Bagi Piaget, pengetahuan selalu memerlukan pengalaman, baik pengalaman fisis
maupun pengalaman mental.
Perkembangan konstruktivisme dalam
kajian filsafat tidak terlepas dari perubahan pandangan lama yang menempatkan
pengetahuan sebagai representasi (gambaran atau ungkapan) kenyataan dunia yang
terlepas dari pengamat (objektivisme) dan pengetahuan merupakan kumpulan fakta.
Namun seiring dengan perkembangan pemikiran dalam bidang sains, maka
pengetahuan ditempatkan sebagai sesuatu tidak terlepas dari subjek yang sedang
belajar mengerti.[12] Dalam
perkembangannya, pemikiran-pemikiran baru semakin mendapat tempat yang luas,
bahwa pengetahuan lebih dianggap sebagai suatu proses pembentukan (konstruksi)
yang terus menerus berkembang dan berubah.
Tujuan dari teori ini adalah: (1)
adanya motivasi untuk siswa bahwa belajar adalah tanggungjawab siswa itu
sendiri, (2) mengembangkan kemampuan siswa untuk mengajukan pertanyaan dan
mencari sendiri pertanyaannya, (3) membantu siswa untuk mengembangkan
pengertian dan pemahaman konsep secara lengkap, (4) mengembangkan kemampuan
siswa untuk menjadi pemikir yang mandiri dan (5) lebih menekankan pada proses
belajar bagaimana belajar itu.
2.
Karakteristik
Konstruktivisme menginginkan peran
aktif siswa dalam merekayasa dan memprakarsai kegiatan belajarnya sendiri.
Pengetahuan bukanlah suatu tiruan dari kenyataan (realitas). Pengetahuan selalu
merupakan akibat dari konstruksi kognitif melalui kegiatan seseorang. Melalui
proses belajar yang dilakukan, seseorang membentuk skema, kategori, konsep dan
struktur pengetahuan yang diperlukan untuk suatu pengetahuan tertentu. Oleh
karena itu, pengetahuan bukanlah tentang dunia yang lepas dari pengamat, akan
tetapi merupakan hasil konstruksi pengalaman manusia sejauh yang dialaminya.

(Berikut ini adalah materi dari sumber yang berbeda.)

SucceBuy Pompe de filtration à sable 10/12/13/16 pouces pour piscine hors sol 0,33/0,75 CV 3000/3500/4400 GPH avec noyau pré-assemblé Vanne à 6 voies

Suatu pengalaman diperoleh manusia
melalui indera, karena dengan indera manusia dapat berinteraksi dengan
lingkungan sekitar dan memperoleh pengetahuan. Mungkin dapat melalui mata,
telinga, hidung, atau indera lainnya.[13] Menurut
Piaget seperti dikutip Aunurrahman, pembentukan ini tidak pernah mencapai titik
akhir, akan tetapi terus menerus berkembang setiap mengadakan reorganisasi
karena adanya suatu pemahaman yang baru.[14] Menurut
konstruktivisme, pengetahuan bukanlah hal yang statis dan deterministik, tetapi
suatu proses menjadi tahu. Dicontohkan sebagai berikut:
Pengetahuan kita
tentang kucing bukanlah pengetahuan yang sekali jadi, tetapi merupakan proses
untuk semakin tahu. Ketika kita masih kecil, kita sering bermain-main dengan
kucing, menjamah dan memeluknya, dan hal tersebut seringkali kita lakukan.

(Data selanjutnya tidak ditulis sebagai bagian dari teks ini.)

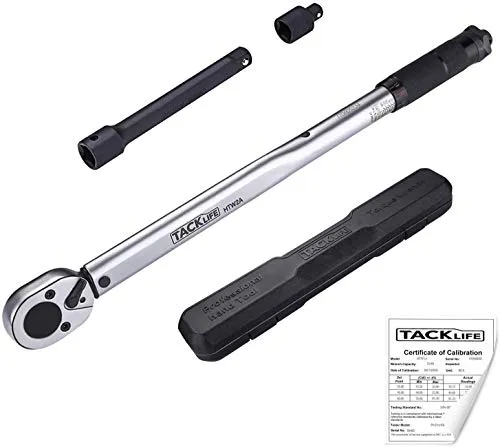 TACKLIFE Chiave Dinamometrica, Professional, 1/2"(42-210 NM), Barra di Prolunga di Calibrazione 24T, Riduttore da 3/8", Scatola, Certificazione, Per Riparatori - HTW2B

Melalui pengalaman tersebut, kita mengkonstruksi pengetahuan tentang kucing,
sejauh yang dapat kita rekam dari pengalaman. Selanjutnya kita memperoleh
kesempatan untuk bertemu dengan kucing-kucing lain. Interaksi kita dengan
berbagai macam kucing menjadikan pengetahuan kita tentang kucing lebih lengkap
dan rinci.[15]
Demikian itu terjadi secara terus
menerus sehingga pengetahuan seseorang terhadap suatu objek semakin kokoh,
dengan semakin banyaknya interaksi dengan lingkungan. Menurut Trianto, dalam konstruktivisme
siswa harus menemukan sendiri dan mentransformasikan informasi kompleks,
mengecek informasi baru dengan aturan-aturan lama dan merevisinya apabila tidak
lagi sesuai. Agar benar-benar dapat memahami dan menerapkan pengetahuan, siswa
harus bekerja memecahkan masalah, menemukan segala sesuatu untuk dirinya, berusaha
dengan susah payah dengan ide-ide.[16]
Teori konstruktivisme memiliki
keunikan dan keistimewaan tersendiri dibandingkan teori-teori lainnya. Hal ini
ditandai dengan beberapa ciri atau karakteristik konstruktivisme sebagai
berikut:
a.
Peserta
didik lebih aktif dalam proses belajar karena fokus belajar mereka pada proses
integrasi pengetahuan yang baru dengan pengalaman, pengetahuan yang telah ada
dalam pikiran mereka.
b.
Setiap
pandangan yang berbeda akan dihargai dan diperlukan. Peserta didik didorong
untuk menemukan berbagai kemungkinan jawaban dalam mensintesiskan secara
terintegrasi.
c.
Proses
pembelajaran harus mendorong adanya kerjasama, tapi bukan untuk bersaing secara
negatif. Proses belajar melalui kerjasama memungkinkan peserta didik untuk
mengingat pelajaran lebih lama.
d.
Kontrol
kecepatan dan fokus pelajaran ada pada peserta didik. Cara ini akan lebih
memberdayakan peserta didik lebih dinamik inovatif.
e.
Pendekatan
konstruktivisme memberikan pengakuan belajar yang tidak terlepas dari konteks
dunia nyata peserta didik.
Berdasarkan uraian di atas, dapat
disarikan beberapa karakteristik teori konstruktivisme adalah:
a.
Memberi
peluang kepada siswa membina pengetahuan baru melalui pelibatan dalam dunia yang
sebenarnya.
b.
Menggalakkan
idea yang dimulakan oleh siswa dan menggunakannya sebagai panduan merancang
pengajaran.
c.
Menyokong
pembelajaran secara koperatif
d.
Mengambil
kira sikap dan pembawaan siswa
e.
Mengambil
kira dapatan kajian bagaimana siswa belajar sesuatu idea
f.
Menggalakkan
dan menerima daya usaha dan otonomi murid
g.
Menggalakkan
siswa bertanya dan berdialog dengan murid dan guru
h.
Menganggap
pembelajaran sebagai suatu proses yang sama penting dengan hasil pembelajaran
menggalakkan proses inkuiri murid melalui kajian dan eksperimen.
3.
Macam-Macam
Konstruktivisme
Von
Glasersfeld membedakan adanya tiga taraf konstruktivisme, yaitu: (a)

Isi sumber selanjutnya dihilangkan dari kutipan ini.